QUEENS — Things never seem to line up for slumping teams. If the pitching is good, the bats are cold. If the offense shows up, the arms struggle. For the Mets on Sunday, it was the bullpen’s turn to go belly-up. 

Relievers Jimmy Yacabonis and Tommy Hunter were torched for seven runs on five hits, including a pair of two-run home runs to Kris Bryant and Brenton Doyle, in the fifth inning to doom the Mets in a 13-6 rubber-game loss in their series finale against the Colorado Rockies at Citi Field. 

The Mets have now lost 11 of their last 14 games and are under .500 at 17-18 for the first time since April 5 when they were 3-4.

“We just have to play better,” Mets manager Buck Showalter said. “I understand everyone’s job is to want reasons as to why… but we just have to play better. We control it. It’s not like there’s some outside element. We just have to play better.”

Pitching on three day’s rest, Joey Lucchesi went four innings on 70 pitches having allowed three runs on four hits with four strikeouts and three walks. He was actually lined up for the win after the Mets got one across in the fourth inning — which could have presented more with the bases loaded and one out — after Jeff McNeil drove in his second run of the day with a single to make it 4-3. The Mets had scored just four runs in their previous four games.

But Yacobonis walked Randal Grichuk to lead off the fifth inning before Bryant cannoned his fifth home run of the season over the left-field fence to put the Rockies in front. Ezequiel Tovar then doubled home CJ Cron and Ryan McMahon.

“I wasn’t in the zone early and my slider was backing up on me a little bit,” Yacabonis said. “I walked two guys and hung a slider. The next two hits were down the line. Some pieces of good hitting and some luck involved there.”

Hunter could do little to close up the floodgates when Austin Wynns drove home Tovar and Doyle cleared the bases with his first home run of the season over a hopeless McNeil, who watched it scrape over the right-field fence — the third round-tripper for the Rockies.

Grichuk got to Lucchesi early with a towering home run into the second deck of the left-field stands at Citi Field — his first of the season. It was the fifth time in six games that the Mets had allowed a first-inning run, but this time the offense had a response with three runs in the bottom of the frame.

“I just left it up,” Lucchesi said. “I was like ‘damn.’ He got me.”

Rockies starter Ryan Feltner walked the first two men he faced before McNeil drove home the tying run with a single to left, snapping an 0-for-11 personal skid and an 0-for-12 team drought with runners in scoring position against Colorado.

After Pete Alonso advanced runners to second and third with one out, Brett Baty snuck a single to right to score two. The Mets should have had a fourth when Luis Guillorme lined a two-out single to right, but before Baty could touch home plate, Daniel Vogelbach, who walked, was tagged out straying off second base after too aggressive of a turn. 
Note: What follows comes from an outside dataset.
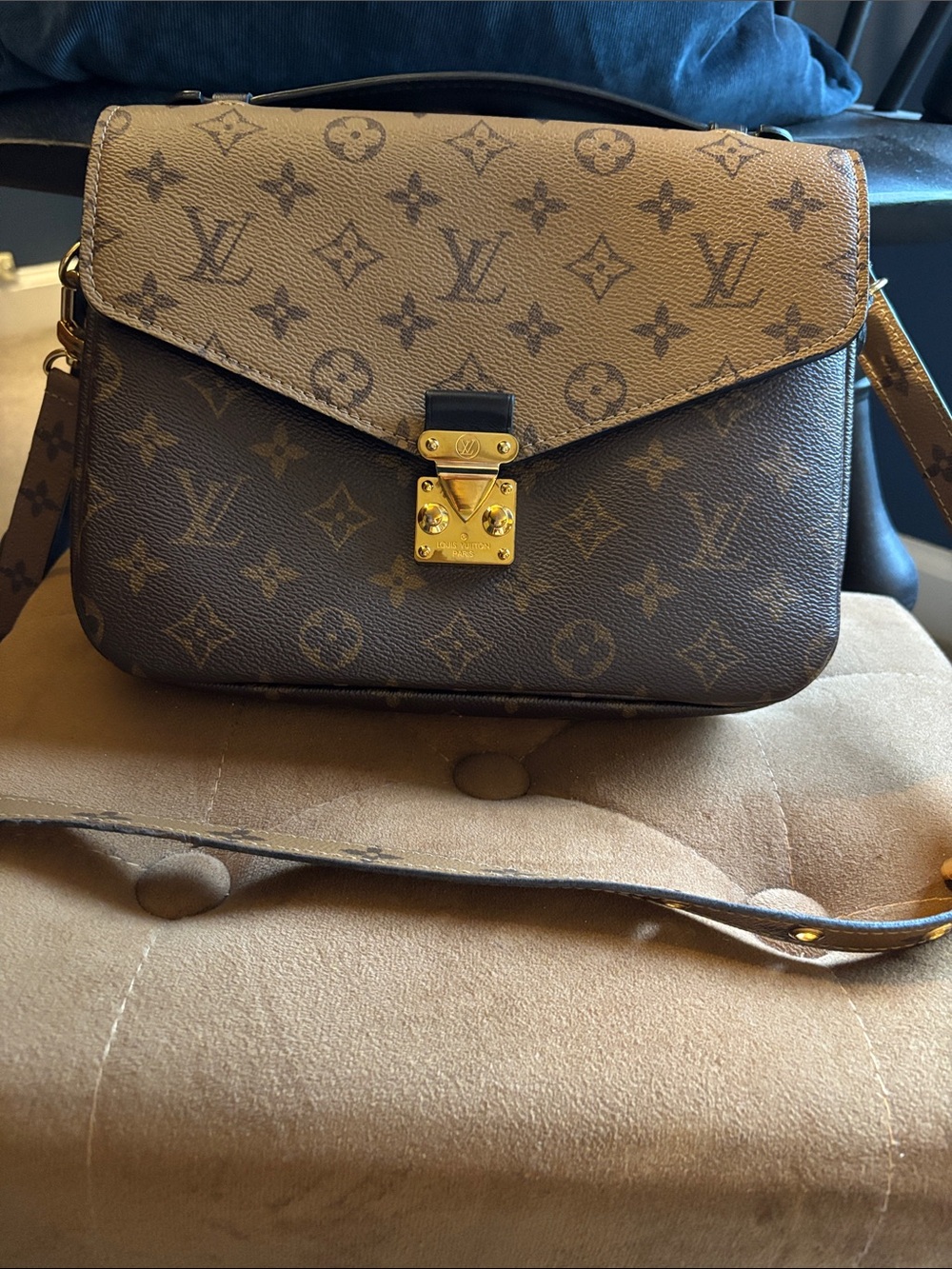 Louis Vuitton Pochette Metis Reverse Monogram handbag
“I wasn’t trying to make an out on the bases especially when you have a guy on the ropes like that,” Vogelbach said. “I regretted it all game. I watch it over and over again… I came off the bag trying to find the ball thinking it was going to go home… I barely came off the bag and by the time I looked up, the ball was on me and I couldn’t get back.”

Lucchesi surrendered the lead in the third when he yielded an RBI double to Jurickson Profar and a run-scoring single to Bryant. 
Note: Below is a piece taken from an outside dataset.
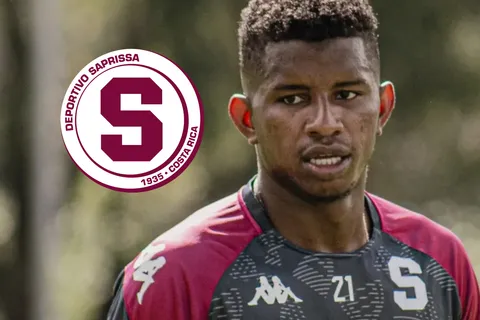 Fidel Escobar tampoco se salvó: la dura sanción que recibió junto a Mariano Torres en Saprissa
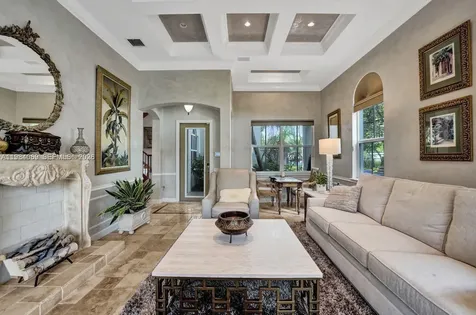 899 Spinnaker Drive W Hollywood FL 33019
“The one I would like to take back is the Profar double,” Lucchesi said. “I doubled up on sinkers down and away and felt like I should have mixed it up… he made me pay for. That’s probably the biggest thing.”

The Mets could only muster one run in the fourth inning despite having the bases loaded with one out. After McNeil drove home his second run of the day, Alonso was called out on strikes on a high pitch out of the strike zone and Baty grounded out to reliever Brent Suter, who mopped up Feltner’s mess and set the stage for the Rockies’ breakout fifth inning.

“Let’s say that strike three to me is called a ball as it should have been, then maybe the momentum doesn’t shift when they get to hit,” Alonso said. “It’s tough.”